Los cubanos hemos tenido, por siglos, el orgullo de ser catalogados como muy hospitalarios, bien por hombres y mujeres del patio como por gente de diversas partes del mundo, que llegaron hasta aquí para disfrutar nuestro sol o acompasar su espíritu al de las guitarras y los trovadores.
Muchos elogios se recogen, además, en el testimonio de grandes personalidades que en su andar pernoctaron en estas tierras de exuberante belleza.
En este terruño aún se comparte el pan que nos llevamos a la boca, el trago de ron, el café o la mesa de dominó. Y eso sin contar las tantas veces que hospedamos al visitante en nuestro lecho, y nos mudamos a la «cama fría» sin importarnos más que ser cordiales y atentos.
Con tales credenciales, resulta hiriente a la pupila de los que amamos ese ambiente la actitud degradante de quienes atropellan a sus semejantes, lo mismo en una parada de ómnibus que en la bodega, en una cafetería, en una oficina bancaria y en tantos otros sitios.
Como una epidemia, esta actitud de ¡Sálvese quien pueda! se adueña del panorama cotidiano en los más impensados lugares, causando estragos, especialmente a las mujeres.
Me duelo en mis adentros solo de pensar que esas bellas estampas que han retratado nuestra vida y han hecho trascender la solidaridad como parte de la idiosincrasia y la raigambre cubanas, se sumerjan para siempre en un marasmo de desidia e incultura, practicadas en el ardor de la urgencia cotidiana.
Tal vez usted considere sin asidero mis preocupaciones, o simplemente me tilde de alarmista porque hablo en términos apocalípticos; pero si quiere compartirlas, le invito, a modo de ejemplo, a abordar una de las casi 50 camionetas que hoy circulan por las calles de mi ciudad, Santiago de Cuba, para que vivencie tamaña injuria a la delicadeza y la caballerosidad.
A veces me pregunto si el agotamiento de largas caminatas bajo el sol desbordante, las tantas horas en las paradas o las colas durante los difíciles años 90 —y todavía—, contaminaron el buen ánimo de los que se sintieron mejores personas al ceder el asiento a una dama.
¿O acaso la llegada del período especial, y con él las limitaciones, tocaron con una especie de magia negra la simiente de donde brotan los valores elementales de la convivencia?
He sido testigo y víctima de estas posturas, especialmente en las paradas de ómnibus de cualquiera de nuestras provincias. Los hombres hacen uso de la fuerza que natura les dio y violentan a las personas —no importa que sean adultos mayores, niñas o niños— en aras de apropiarse de asientos o mejores sitios.
Pero la impotencia y la indignación llegan a su mayor expresión cuando se constata que casi todos los asientos son ocupados por hombres, en su mayoría jóvenes. Llenos de vitalidad observan de brazos cruzados cómo aquellos que pudieran ser sus abuelos sacan fuerzas de sus cansados cuerpos para sostenerse en pie.
Algunos aludidos, incluso, desvían la mirada para no ver de frente a la mujer embarazada o con un niño en brazos, que hace cuanto puede para no malograr la cría.
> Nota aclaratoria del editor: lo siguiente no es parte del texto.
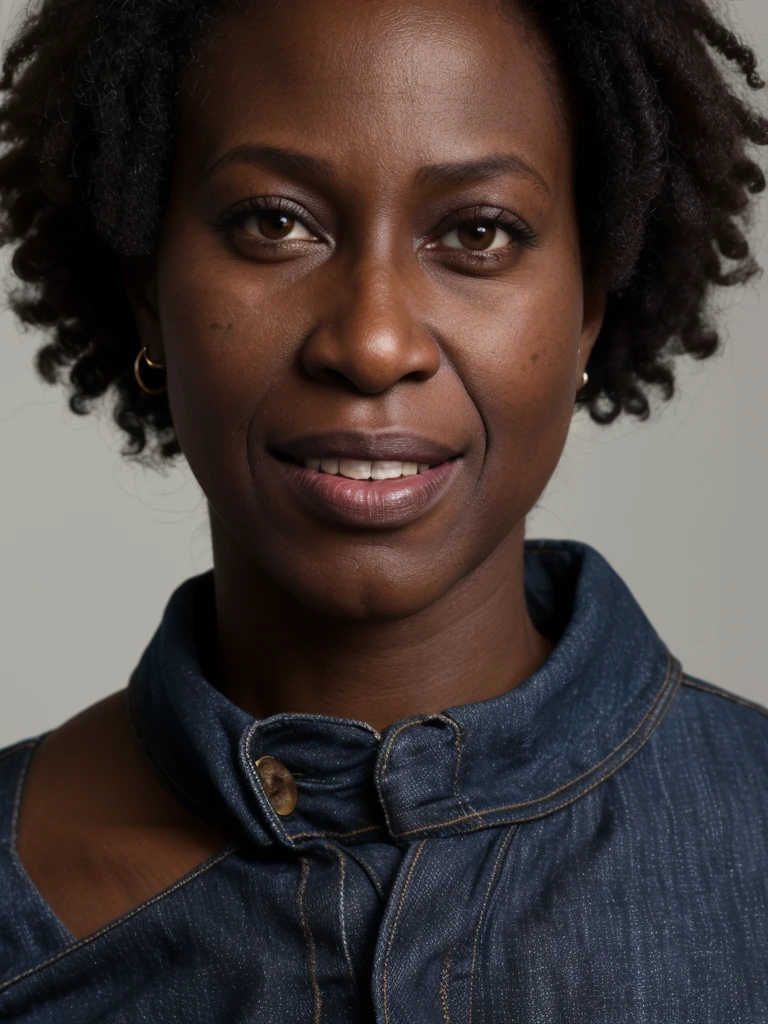 1 Mature woman, photorealistic, fisheye lens, unretouched, ((Ebony complexion)), ((Upper body selfie, Happy)), ((darkest complexion: 1.5)), (black African-very dark skin), (((cranky hair))), (ugly face: 1.4), (((slender body wearing blouse and jeans))), ((45 years old)), fixed brown eyes, BREAK, clear background, high quality, happy expression,(((close up shot)))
Me niego a creer que existen tantas fisuras en los valores de una parte de nuestra población. Me niego a creer que los pilares de la educación familiar e institucional flaquean ante el empuje de lo urgente o lo individualmente ventajoso.
Quiero asirme a la idea de que se trata de una situación coyuntural: que los hombres y mujeres jóvenes involucrados en estas acciones reprobables tendrán la oportunidad de reflexionar y rescatar la esencia que distingue a la mayoría de la gente de esta Isla.
De no ser así, re-civilizar es nuestra más inmediata tarea. ¡Ojalá que los buenos ejemplos perduren en el tiempo y no se conviertan en fósiles del pasado!